Thirteen Syrian soldiers die in an ambush
A bus in the service of the Syrian Arab Army has suffered a terrorist ambush this morning on the road from Raqqa to Homs. At least eleven soldiers and two civilians would have lost their lives, according to the Syrian state agency, in an attack that would have left three other soldiers injured.
The attack has not been claimed, although the authorship of some sleeper cell of the Islamic State (IS) is presumed. Further north, the militias of the YPD, the Syrian branch of the Kurdistan Workers’ Party (PKK), operate with US cover.
IS’s desert coup would be its bloodiest since March, when it attacked another military bus near Palmyra, but it does nothing to alter Bashar al-Assad’s control over most of useful Syria.

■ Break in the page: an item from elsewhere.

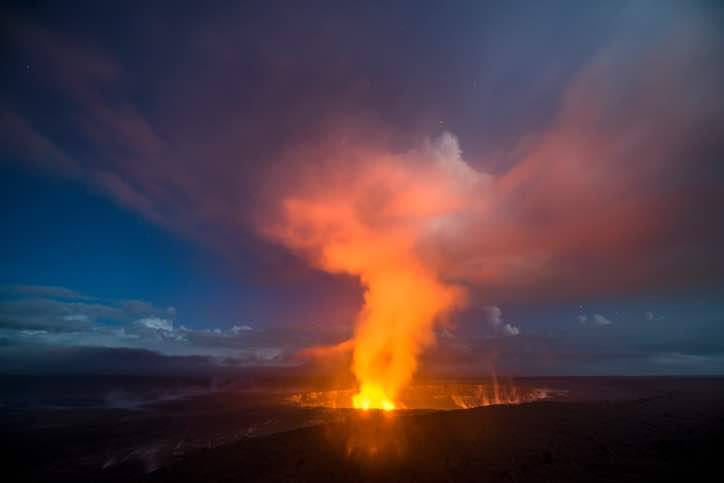 Vulcano Kilauea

So much so that, yesterday, the Syrian dictator scored a new diplomatic victory, receiving the credentials of a new Arab ambassador, that of Bahrain, thus formalizing the reestablishment of diplomatic relations after more than a decade.
In any case, two powers hostile to Damascus, Turkey and the United States, continue to occupy parts of the territory, just as Israel does in the case of the Golan. Ankara continues to give shelter to Sunni forces hostile to Bashar al-Assad, in Idlib and in the enclaves seized from the Kurdish militias during three military operations. The fourth has already been announced, although an essential requirement, the acquiescence of Moscow, has not been confirmed.
In fact, last week, in the political and military negotiations that brought together Turkey, Russia and Iran in Astana, the latter two underlined their opposition to the operation. For Turkish President Recep Tayyip Erdogan, two goals go hand in hand. Namely, erecting a thirty-kilometer-wide security cordon separating the PKK militias from the Turkish border and creating areas likely to host the repatriation of hundreds of thousands of Sunni Syrian refugees currently in Turkey. A necessary message, above all, to win the Turkish elections next year.
The PKK, which maintains a political office in Moscow, exploits oil wells in northeast Syria with US cover, while in other parts of the country it cooperates with Bashar al-Assad’s Russian and Iranian troops.
One of the deadliest bus ambushes occurred in December 2020, when 28 people were killed in an attack on a main road in the eastern Syrian province of Deir al-Zor.
It is not surprising that today, Pope Francis called on the international community not to forget the war in Syria. These days, precisely, Rome is hosting a synod of Greek-Melkite bishops from that region. “The dramas of recent months, which sadly force us to turn our gaze towards Eastern Europe, should not make us forget what has been happening in your land for twelve years,” the pontiff told them. “I renew my call so that a just and equitable solution to the drama in Syria can be reached.”
Ancient Eastern Christianity has been one of the big losers from the state of war of the last two decades in Iraq and then Syria. A glimmer of hope has emerged this month, with the reopening to worshipers, pilgrims and tourists of the medieval monastery of Saint Moses the Abyssinian, a few dozen kilometers north of Damascus.